Entre a primeira vez que nos vimos e agora, Mauro tornou-se provavelmente o artista moçambicano da sua geração que mais circula pelo mundo. E está neste momento a desenhar-se uma exposição individual para 2019 em Lisboa e Maputo, com uma série recente.

3. Mauro tem esse trabalho no telefone, mostra-mo. São fotografias feitas numa mina de carvão em Tete, bem no interior do país. Uma mina clandestina, de onde os habitantes locais extraem carvão para cozer tijolos. Nas imediações ficam as minas oficiais, de onde o carvão sai para todo o mundo, como a da brasileira Vale. Uma das grandes responsáveis pelo pior desastre ambiental do Brasil, uma enxurrada de lama que matou o rio Doce, em 2015. Mas isso não a impediu de continuar a explorar outros solos, e de ter luz verde para isso.

Não é raro o carvão ser transportado a céu aberto através de aldeias, vilas, soltando fuligem, poluindo o ar, conta Mauro, que tem dado parte do seu tempo à ONG Justiça Ambiental. “É uma espécie de advogada do povo, levanta as questões ambientais e sociais.” Em Tete, para minerar, a Vale desalojou os habitantes e realojou-os a 40 quilómetros. “Construíram onde não podiam, uma área de terra seca, sem agricultura, sem cuidados de saúde nem escolas.”

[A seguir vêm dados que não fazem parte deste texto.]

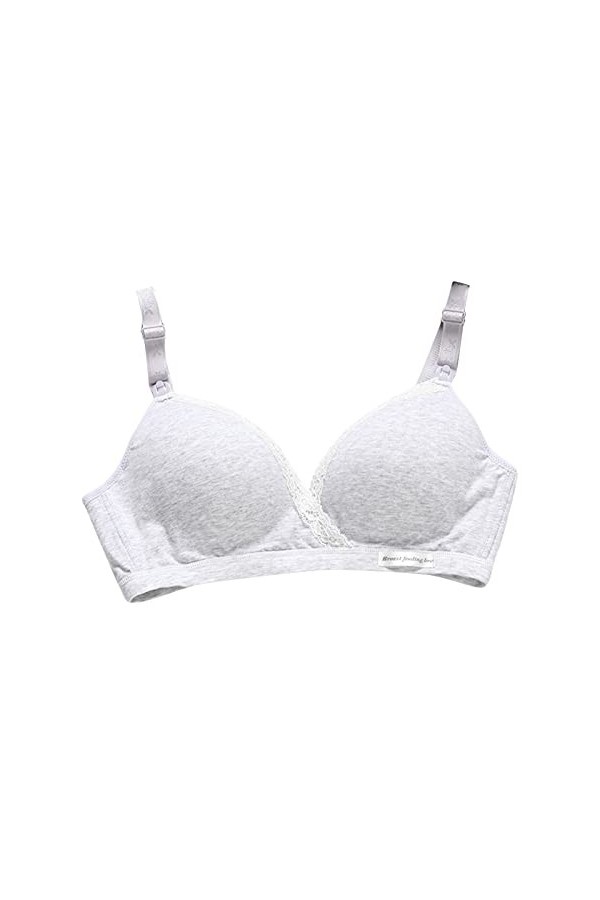 Zannycn Soutien-gorge dallaitement pour femme - Soutien-gorge dallaitement sans coutures, gris, L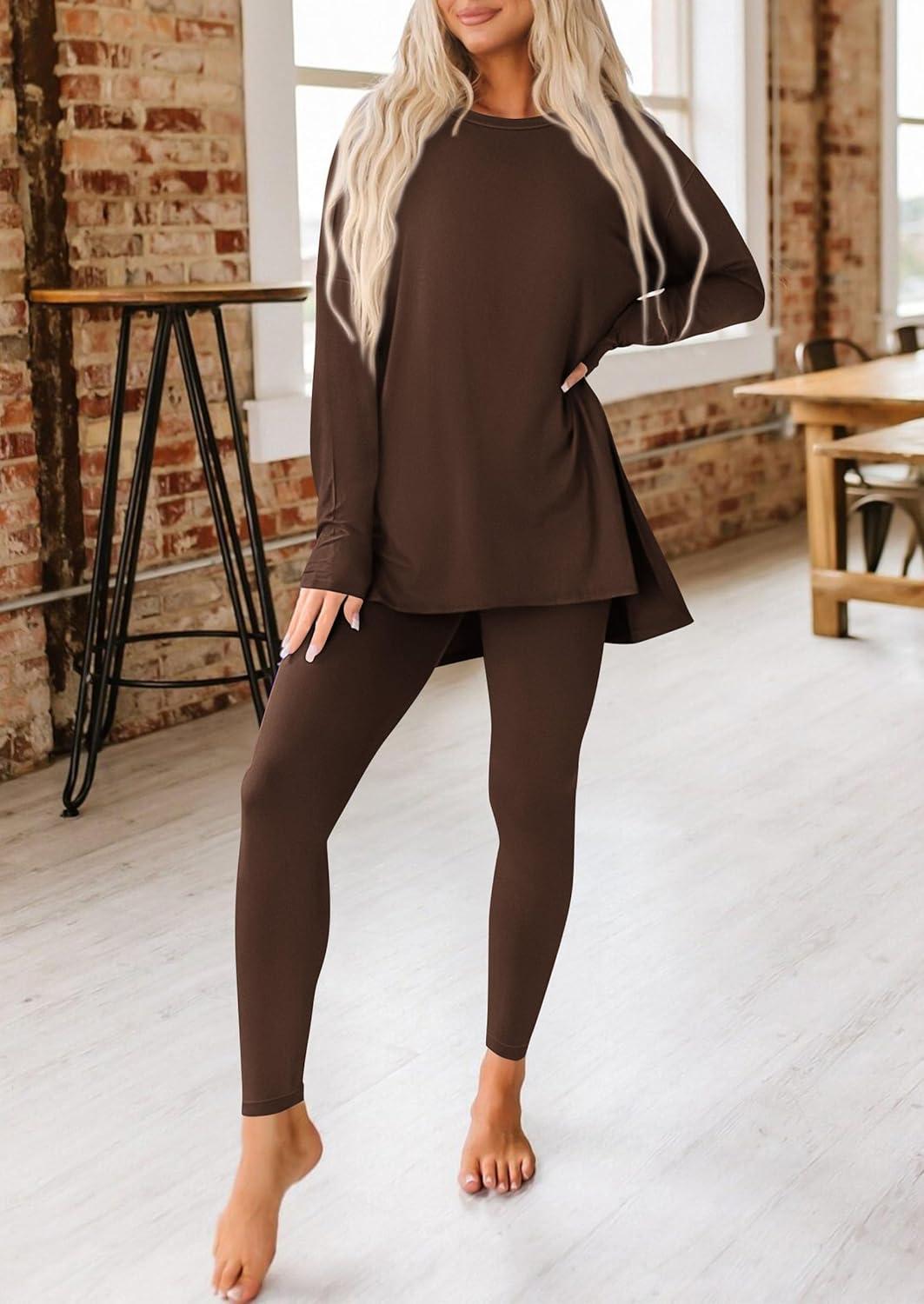 imagePRETTYGARDEN Womens 2 Piece Outfits 2026 Spring Long Sleeve Tunic Tops Legging Pants Fall Matching Lounge Sets SweatsuitsCoffee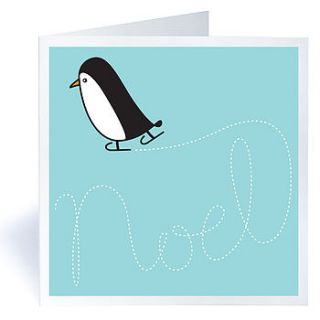 pack of six skating penguin christmas cards by mrs booth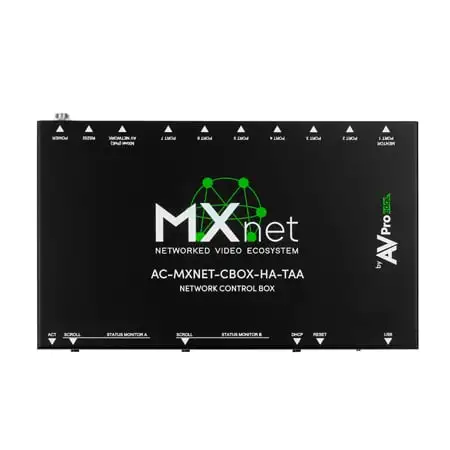 AVPro Edge AC-MXNET-CBOX-HA-TAA MXNET Control Box for MXNET System - Eight Female RJ-45 with One PoE - TAA Compliant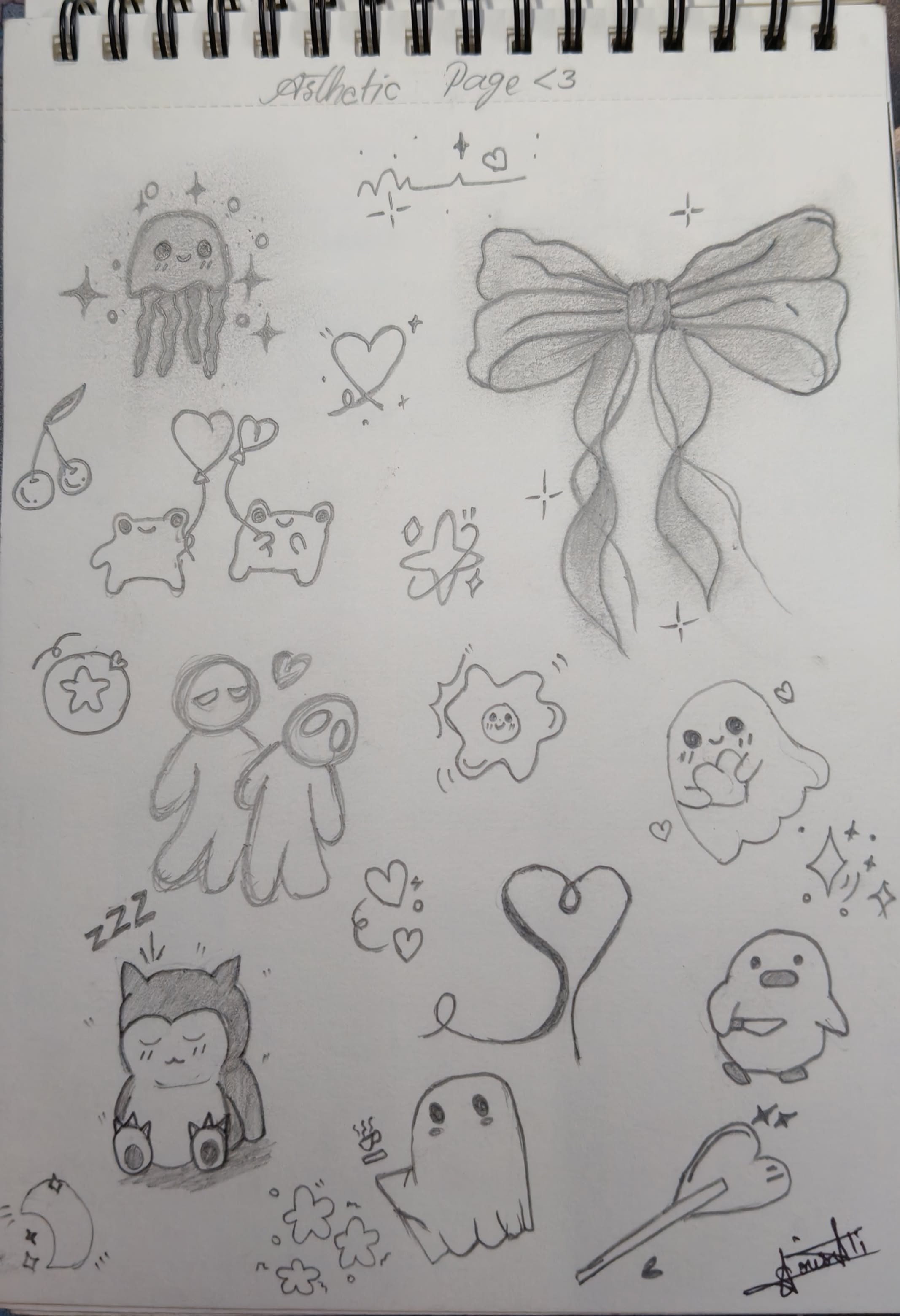Adorable Jellyfish and Cute Characters Sketch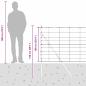 Preview: Feldzaun 1x50 m Verzinkter Stahl, Zaunpfosten 13 Stück Ø32 mm 150 cm Verzinkter Stahl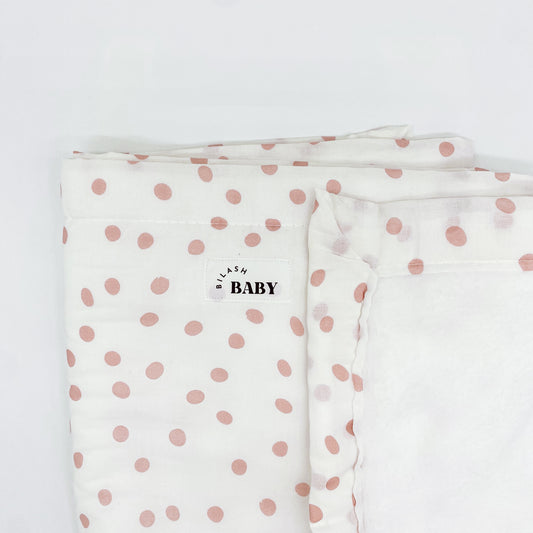 Blushed Rose Polka-dot Cotton Fleece Pram Blanket | Handmade Blanket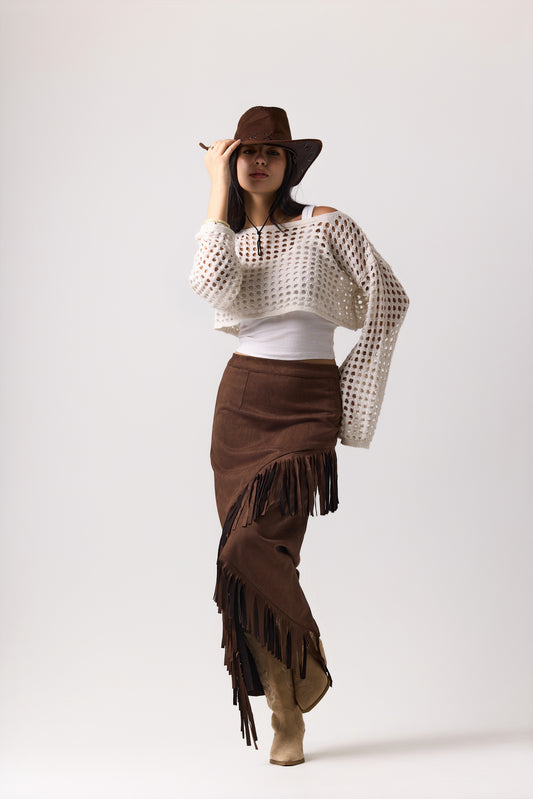 Chocolate fringe skirt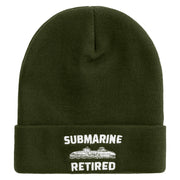 Submarine Retired Embroidered 12 Inch Solid Long Beanie Made in USA - Olive OSFM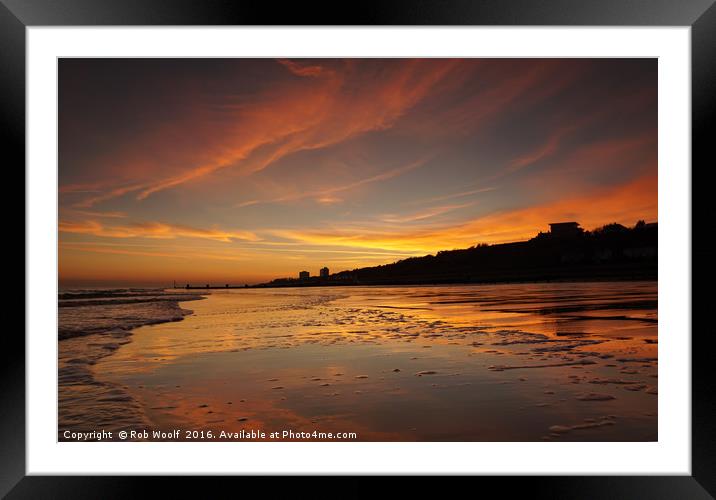 Frinton Sunset Reflections Framed Mounted Print by Rob Woolf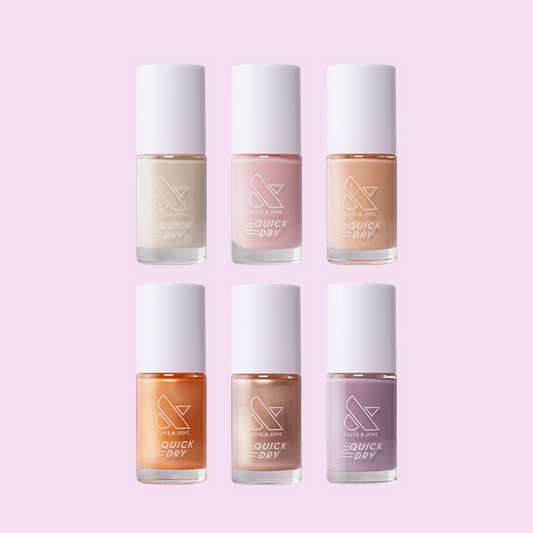 Sweet & Neutral set featuring six quick dry nail polishes in soft sheers, opaques, and subtle shimmer shades for at-home mani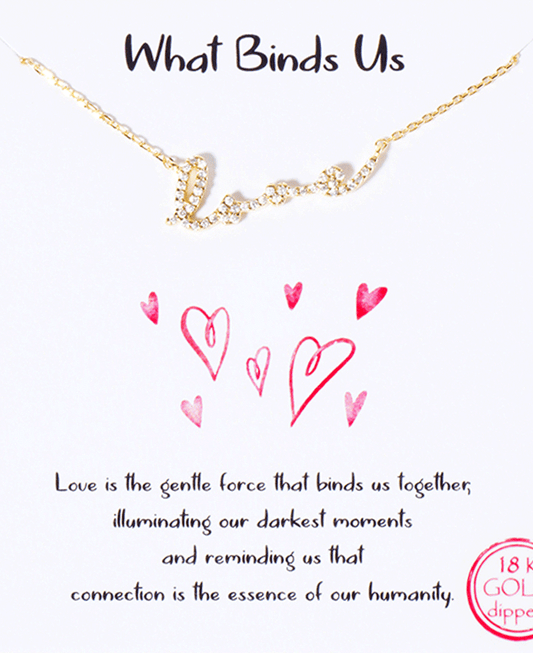 Love CZ Script Necklace
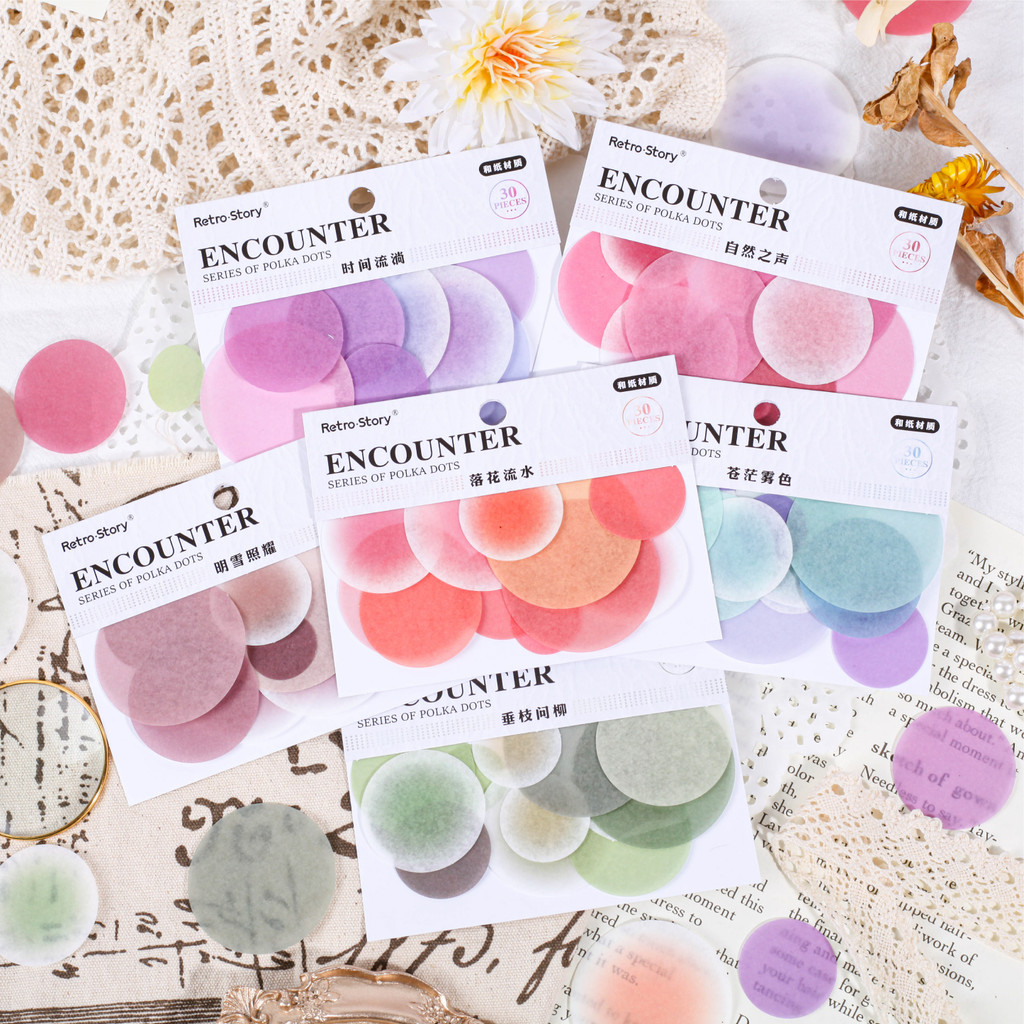 

30 Sheets Watercolor Dot Adhesive Stickers Pack Labels Decoration for Diary Album Planner Scrapbook Notebook Journaling Supplies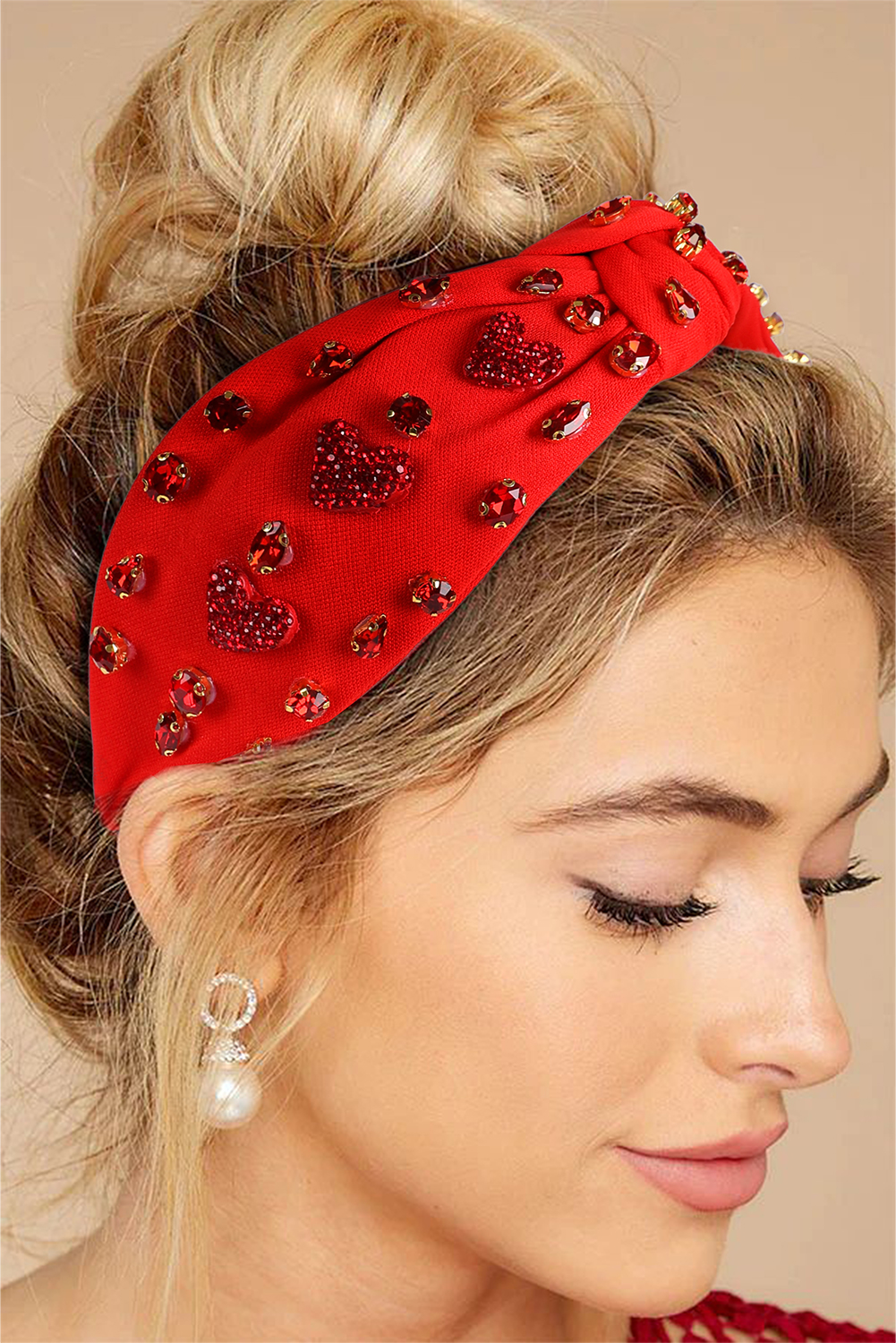 Fiery Red Rhinestone Heart Glass Drill Studded Knotted Wide Headband - loveforevers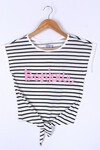 Kız Çocuk Beyaz 8-15 Yaş Zebra Bonjour Crop T-Shirt 6590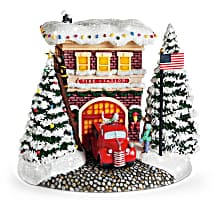 Thomas Kinkade's Festive Fire Station Bouquet Vase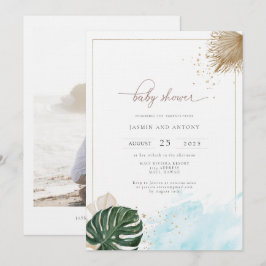 Invitación Foto de Baby Shower Boho Palm Tropical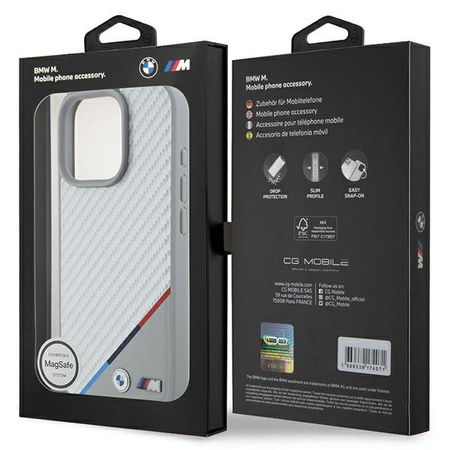 BMW BMHMP16L23PUDTS iPhone 16 Pro 6.3 szary/grey hardcase M Carbon Tricolor Line MagSafe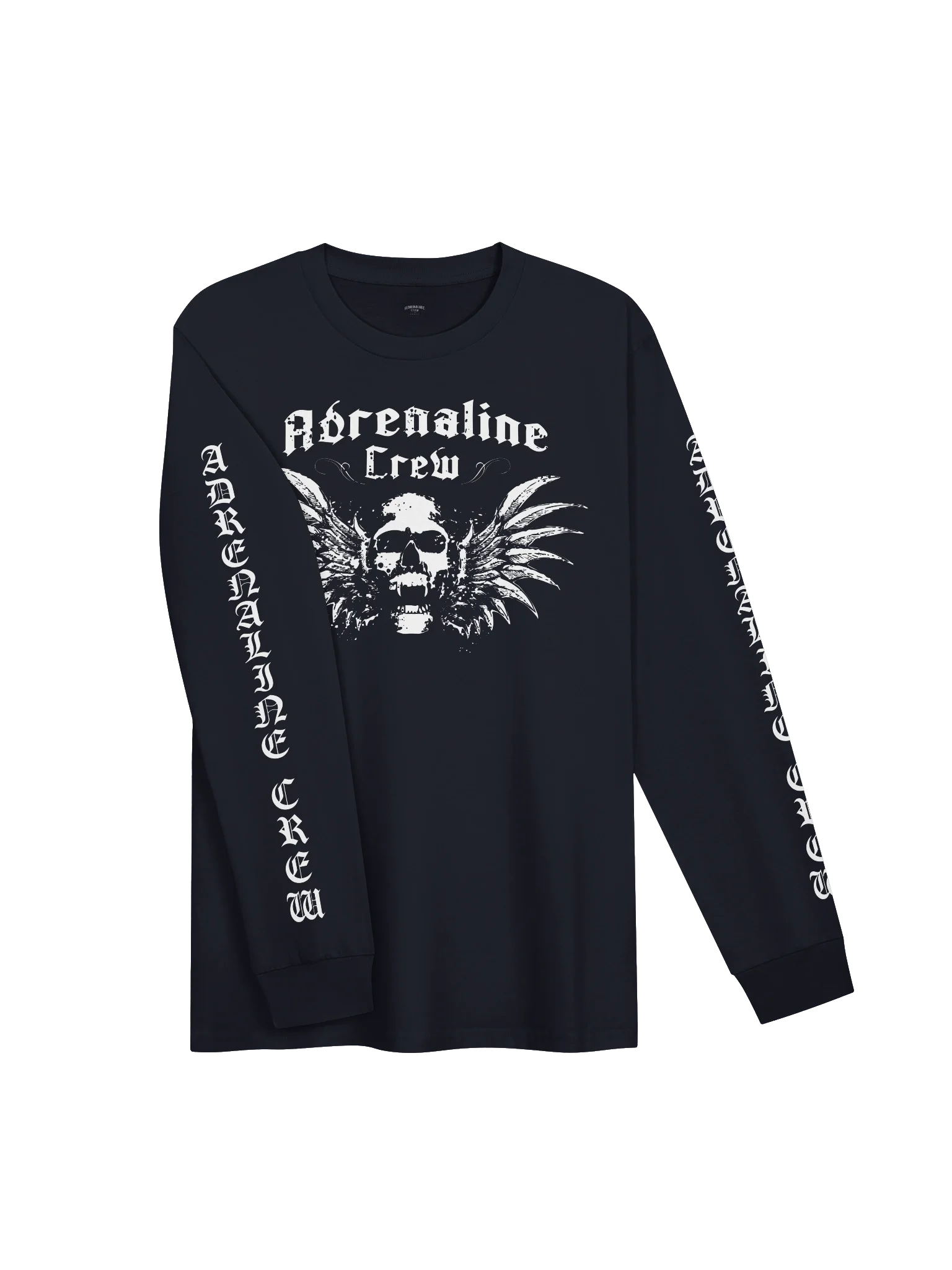 Adrenaline Crew Classic Skull Long Sleeve T-Shirt – Black product image (3)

4. Mas obras ou projectos gigantes como este espalham-se pelo país. A madeira nobre está a ser arrasada, levada. Em Nacala, um porto estratégico, um pouco a norte da Ilha de Moçambique, onde os EUA estão interessados em fazer uma base de submarinos, há um grande recife de coral a ser desmantelado. E o extremo-norte, Cabo Delgado, que faz fronteira com a Tanzânia, tem sido notícia regular nos últimos tempos por causa de uns raides terroristas, supostamente de jihadistas que chegam às aldeias, cortam cabeças, queimam as casas. O norte de Moçambique é a parte mais islâmica do país. Correm duas versões sobre estes raides. A primeira é que os atacantes serão jovens que foram industriados em mesquitas externas e voltam como milícias jihadistas. A segunda é que estes ataques estão a ser organizados para espalhar o medo e afastar os habitantes locais, deixando o campo livre aos muitos interesses milionários na região, nomeadamente dos EUA: empresas de segurança, exploração de recursos naturais. As riquezas serão imensas. Já lá está a norte-americana Anadarko, pronta a captar aquela que é uma das maiores reservas de gás natural do mundo. Há quem ache que a verdade é uma combinação destas hipóteses, interesses poderosos usando como peões uns rapazes, que passam por jihadistas. Estranhos jihadistas que matam, destroem e somem, não controlam, não tomam poder.

Um dos planos próximos de Mauro Pinto é viajar até lá. Ver com os seus olhos.

5. Entretanto, em Maputo, a alternância de poder, ou a separação de poderes são conceitos especiais. A alternância continua a ser não entre partidos mas entre facções do Partido. E é o Partido que parece controlar o poder judicial, nomear reitores nas universidades, vigiar a imprensa. O nome d’O Partido quer dizer Frente de Libertação de Moçambique. Falta a revolução que o liberte dele mesmo.